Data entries

+++

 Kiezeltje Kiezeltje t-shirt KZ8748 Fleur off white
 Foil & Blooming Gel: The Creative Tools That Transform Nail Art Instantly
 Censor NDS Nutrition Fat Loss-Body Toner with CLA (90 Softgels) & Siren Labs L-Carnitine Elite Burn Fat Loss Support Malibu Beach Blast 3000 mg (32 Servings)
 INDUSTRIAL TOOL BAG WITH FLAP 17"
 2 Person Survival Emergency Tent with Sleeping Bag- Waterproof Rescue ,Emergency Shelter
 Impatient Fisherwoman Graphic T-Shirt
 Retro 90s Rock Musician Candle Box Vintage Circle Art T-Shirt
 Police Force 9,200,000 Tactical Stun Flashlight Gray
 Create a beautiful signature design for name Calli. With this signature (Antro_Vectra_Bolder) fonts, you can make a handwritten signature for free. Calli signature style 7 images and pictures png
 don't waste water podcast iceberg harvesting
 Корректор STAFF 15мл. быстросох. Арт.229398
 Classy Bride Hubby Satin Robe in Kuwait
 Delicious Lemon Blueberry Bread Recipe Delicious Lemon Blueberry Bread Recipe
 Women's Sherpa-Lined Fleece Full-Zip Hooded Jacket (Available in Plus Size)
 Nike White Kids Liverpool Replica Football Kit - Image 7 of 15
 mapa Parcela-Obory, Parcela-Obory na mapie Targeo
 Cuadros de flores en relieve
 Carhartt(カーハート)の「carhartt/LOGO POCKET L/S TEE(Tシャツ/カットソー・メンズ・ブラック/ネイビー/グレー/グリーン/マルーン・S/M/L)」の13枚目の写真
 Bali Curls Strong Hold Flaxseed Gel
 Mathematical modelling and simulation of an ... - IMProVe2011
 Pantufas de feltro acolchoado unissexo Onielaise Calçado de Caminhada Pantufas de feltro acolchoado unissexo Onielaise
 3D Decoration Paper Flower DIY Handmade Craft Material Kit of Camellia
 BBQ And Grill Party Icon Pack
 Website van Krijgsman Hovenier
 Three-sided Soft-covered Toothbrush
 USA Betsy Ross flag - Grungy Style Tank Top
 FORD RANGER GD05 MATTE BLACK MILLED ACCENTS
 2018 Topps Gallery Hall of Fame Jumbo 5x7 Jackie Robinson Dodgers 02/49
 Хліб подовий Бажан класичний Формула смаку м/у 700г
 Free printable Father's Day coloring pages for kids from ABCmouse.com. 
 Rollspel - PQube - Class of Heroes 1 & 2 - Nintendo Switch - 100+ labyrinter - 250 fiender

+++

§ **What the task asks**:
All of the entries must be given again, word for word.

§ **Task output**:
 Kiezeltje Kiezeltje t-shirt KZ8748 Fleur off white
 Foil & Blooming Gel: The Creative Tools That Transform Nail Art Instantly
 Censor NDS Nutrition Fat Loss-Body Toner with CLA (90 Softgels) & Siren Labs L-Carnitine Elite Burn Fat Loss Support Malibu Beach Blast 3000 mg (32 Servings)
 INDUSTRIAL TOOL BAG WITH FLAP 17"
 2 Person Survival Emergency Tent with Sleeping Bag- Waterproof Rescue ,Emergency Shelter
 Impatient Fisherwoman Graphic T-Shirt
 Retro 90s Rock Musician Candle Box Vintage Circle Art T-Shirt
 Police Force 9,200,000 Tactical Stun Flashlight Gray
 Create a beautiful signature design for name Calli. With this signature (Antro_Vectra_Bolder) fonts, you can make a handwritten signature for free. Calli signature style 7 images and pictures png
 don't waste water podcast iceberg harvesting
 Корректор STAFF 15мл. быстросох. Арт.229398
 Classy Bride Hubby Satin Robe in Kuwait
 Delicious Lemon Blueberry Bread Recipe Delicious Lemon Blueberry Bread Recipe
 Women's Sherpa-Lined Fleece Full-Zip Hooded Jacket (Available in Plus Size)
 Nike White Kids Liverpool Replica Football Kit - Image 7 of 15
 mapa Parcela-Obory, Parcela-Obory na mapie Targeo
 Cuadros de flores en relieve
 Carhartt(カーハート)の「carhartt/LOGO POCKET L/S TEE(Tシャツ/カットソー・メンズ・ブラック/ネイビー/グレー/グリーン/マルーン・S/M/L)」の13枚目の写真
 Bali Curls Strong Hold Flaxseed Gel
 Mathematical modelling and simulation of an ... - IMProVe2011
 Pantufas de feltro acolchoado unissexo Onielaise Calçado de Caminhada Pantufas de feltro acolchoado unissexo Onielaise
 3D Decoration Paper Flower DIY Handmade Craft Material Kit of Camellia
 BBQ And Grill Party Icon Pack
 Website van Krijgsman Hovenier
 Three-sided Soft-covered Toothbrush
 USA Betsy Ross flag - Grungy Style Tank Top
 FORD RANGER GD05 MATTE BLACK MILLED ACCENTS
 2018 Topps Gallery Hall of Fame Jumbo 5x7 Jackie Robinson Dodgers 02/49
 Хліб подовий Бажан класичний Формула смаку м/у 700г
 Free printable Father's Day coloring pages for kids from ABCmouse.com. 
 Rollspel - PQube - Class of Heroes 1 & 2 - Nintendo Switch - 100+ labyrinter - 250 fiender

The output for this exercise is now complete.